Washington Sen. Maria Cantwell, reflected in the rearview mirror, sits in the front seat of Jerry Snyder's pickup and listens to the wheat farmer talk about erosion problems caused by federal programs to set aside farmland.
It might have been easy to ignore the pull of politics.

A former state legislator and one-term congresswoman, Cantwell joined RealNetworks as a vice president after losing re-election to the House in 1994. By the end of the decade, her stock portfolio from the company that pioneered tools to broadcast audio and video over the Internet was valued in the tens of millions of dollars. But the daughter of a lifelong Democratic activist itched to get involved in public policy again. When, in the middle of last year, she finally decided to challenge three-term incumbent Republican Sen. Slade Gorton, she eschewed political-action-committee contributions and spent more than $10 million of her own money to blanket the airwaves with TV ads that cast Gorton as a career politician beholden to special interests.

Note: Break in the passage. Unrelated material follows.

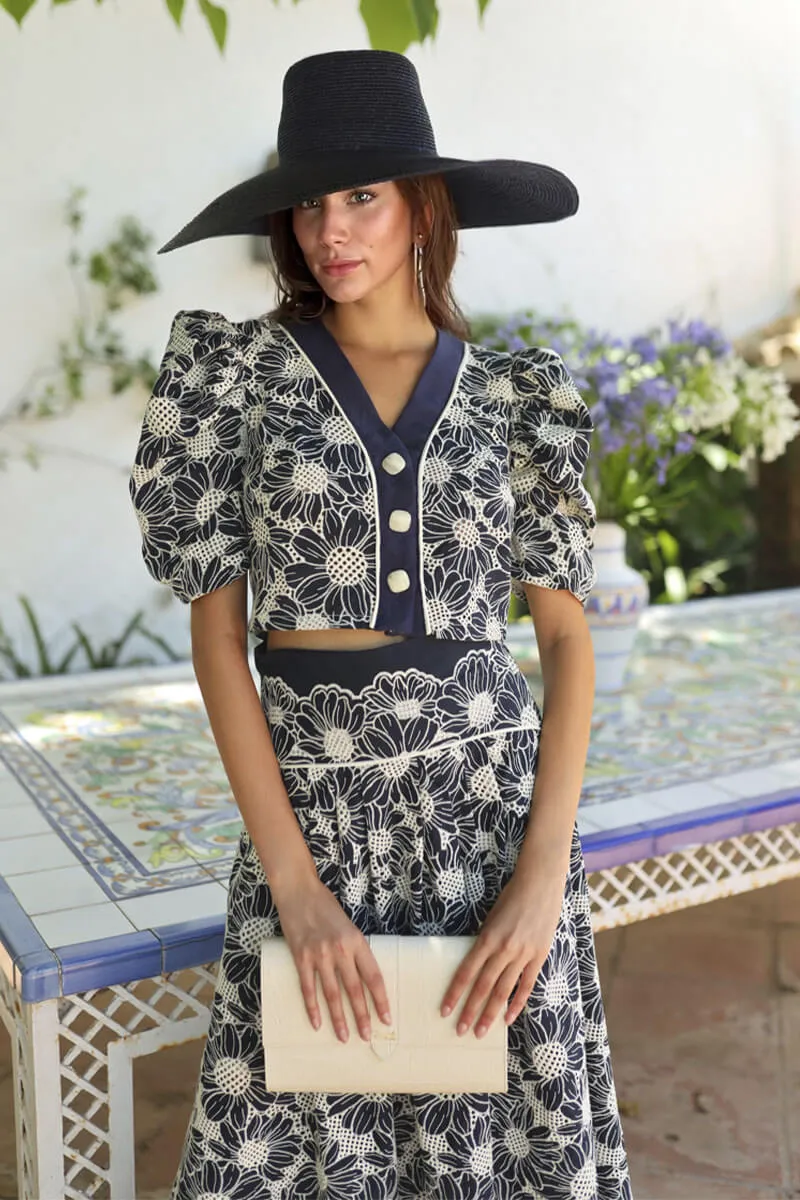 Retro Floral Print Puff Sleeve Top High-Waisted Pocket A-line Midi Skirt Set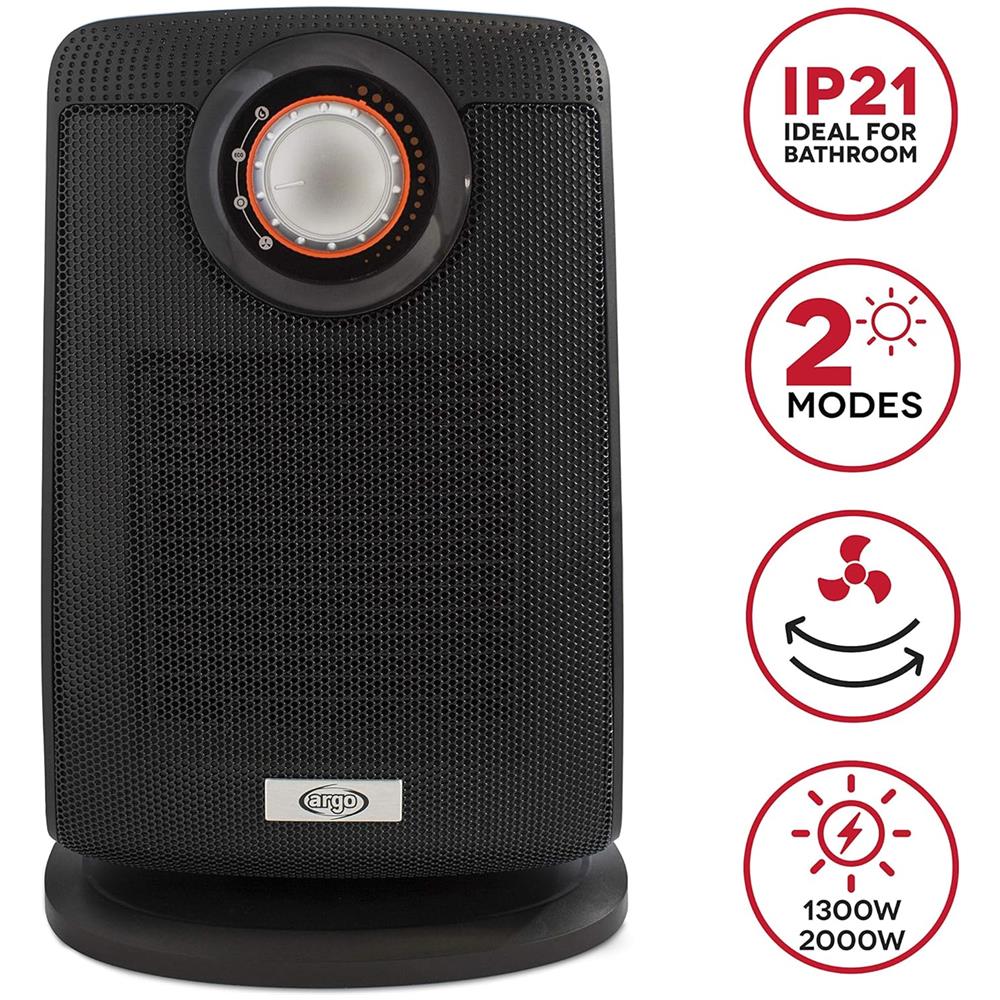 BEAT Termoventilatore con Resistenza Ceramica Potenza 2000 Watt Termostato Base Oscillante Colore Nero - Foto 2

Admirers see Cantwell as a fresh face for Washington state: a woman succeeding in the male-dominated realm of politics; someone who "gets tech" and considers herself a defender of the environment; a diehard Mariners fan who at 43 is one of the youngest members of the Senate.

Still, she edged Gorton by fewer than 3,000 votes and has found that change comes slowly in the Senate, where brass spittoons still adorn the chamber floor and she was asked to check her Blackberry handheld computer at the door.

Her transition to the Capitol was delayed by a recount that lasted weeks, and complicated by the collapse of her personal fortune in technology stocks. But even as she struggled with her debts and new duties, she was seeking her own niche in the Senate.

"We have some senators who don't carry their own weight, and then you have the real workhorses," said veteran Sen. Patrick Leahy of Vermont. "She's one of the workhorses."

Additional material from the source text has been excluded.